Life can never be too cartoonish. I like to be cartoony, yeah. I like to exaggerate and be larger than life when it’s appropriate for stage and for film and for animation. I love doing the animation. I get to come in my pajamas, with no makeup, no lashes, I look nothing like myself. I get in that booth and there’s always like a snack area, which is horrible. Horrible, horrible. But it’s fun. It’s really fun work to do the animation.

Q: Is that more like you when you get to wear track pants and no makeup?

I would like to say that I sleep in couture, but that’s not real. If I am not dressed up, I am dressed really down but that’s because I am working a lot, I am going to the studio, I am either in my workout wear or some hideous track suit I think because I want to put most of my attention into my work. It takes a lot of effort to dress up, which I like putting in the time. I put in a lot of time. This is like seventeen hours. (laughs)

Q: Do you put a lot of time into working out and keeping fit?

Yeah, but mostly just for my mental health because it really helps your overall perspective and life, when you get that certain Serotonin that you need.

Q: Who were your female heroes when you were a teenager?

Well I wasn’t allowed to watch much growing up.
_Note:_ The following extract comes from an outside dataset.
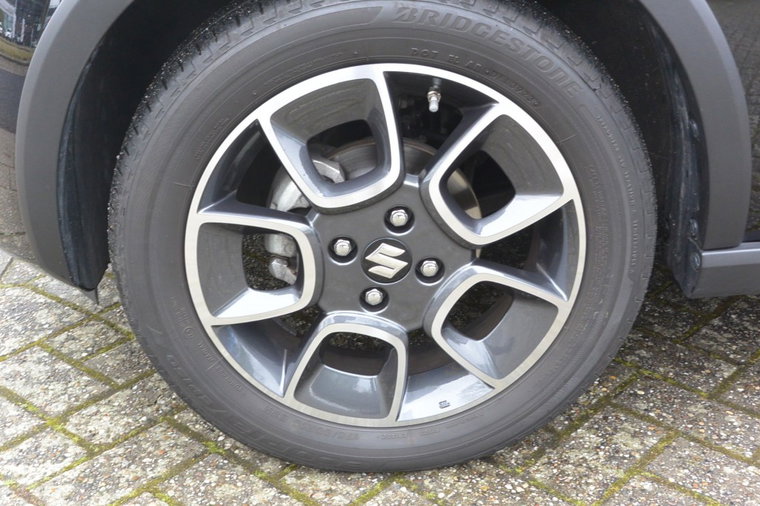 Vehicle Image 12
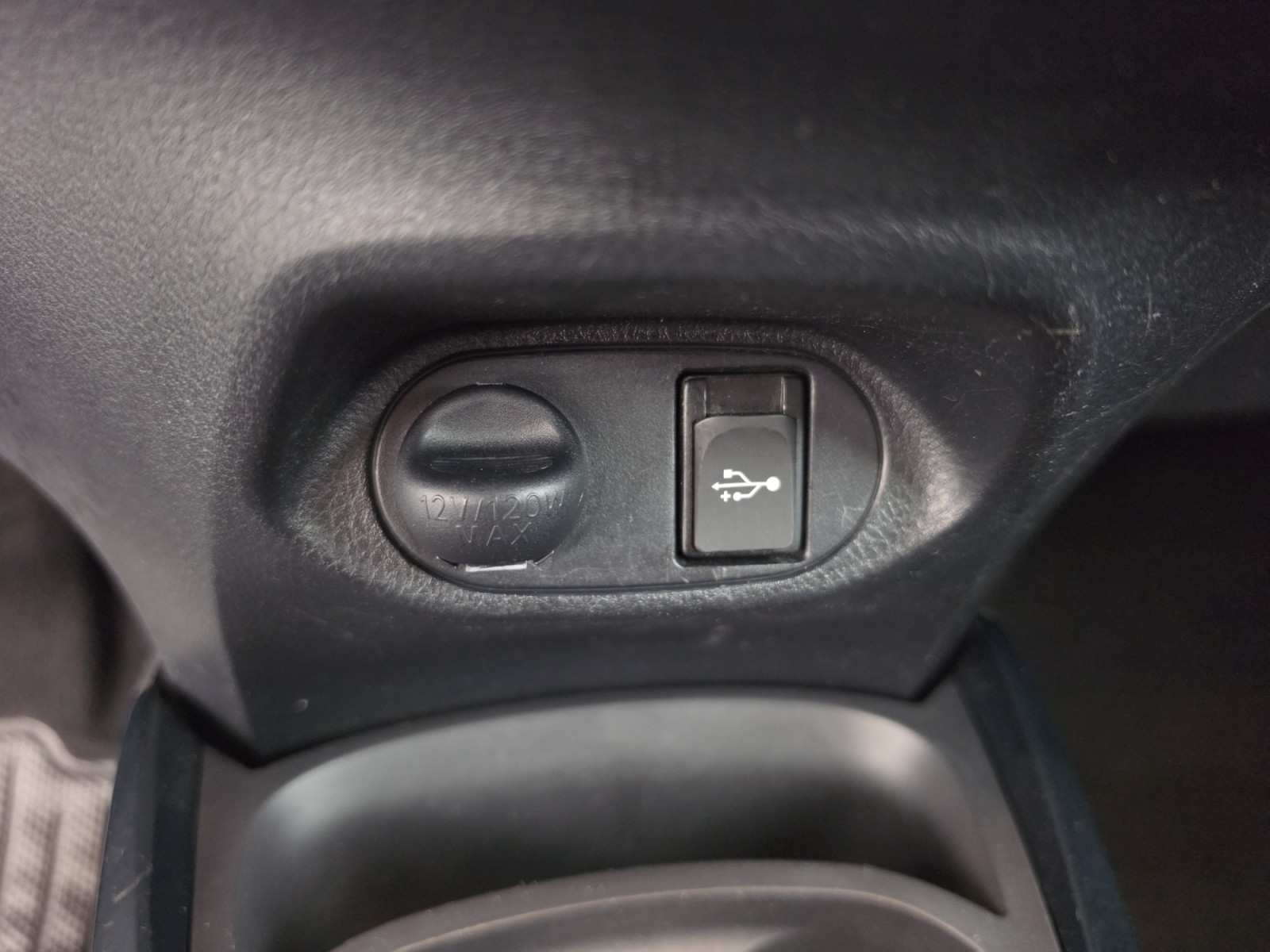 Vente en ligne Toyota Yaris Yaris Hybride 100h au prix de 14 890 €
My parents were particularly strange about certain things. Because I grew up in a very strict religious household a lot of things were monitored. And I don’t know why, maybe they didn’t understand the dynamic between one female and like 99 males. But I doubt that had anything to do with it. But as far as my own heroes, I like Wonder Woman. Let’s get that film made! And I like Gwen Stefani and Angelina Jolie, Lara Croft, and I like her more as a UN Ambassador, but I appreciate her films as well. And her as a person from an outside perspective.

Q: As an artist, when you think back to your childhood, is there anything that you remember being particularly annoyed at your parents for and when you think back that you actually appreciate now?

Oh yes, sleepovers. I was very annoyed that I wasn’t allowed to go to sleepovers, but I know what kids are up to on those sleepovers now.

Q: When was your first moment of seeing a Smurf?

Well growing up, anything my parents said I couldn’t do I actually wanted to do more, funny enough, so I always had to hide my love for the Smurfs or for Madonna. (Laughter) Can you imagine? Madonna and The Smurfs as taboo.

Q: How do your parents feel now about what you are doing? Do they feel proud of you?

Yeah, they are on the gravy train for sure. I love them and appreciate them, respect them, and I am highly annoyed by them but I think that’s a dynamic with most families. I haven’t heard anything different from everyone else.

Q: What do you like about fashion these days?

If you are not wearing a flower in your hair these days, you are not anyone. It’s like the 60s or 70s again, more like the 60s, San Francisco. I like that.

Q: Thank you.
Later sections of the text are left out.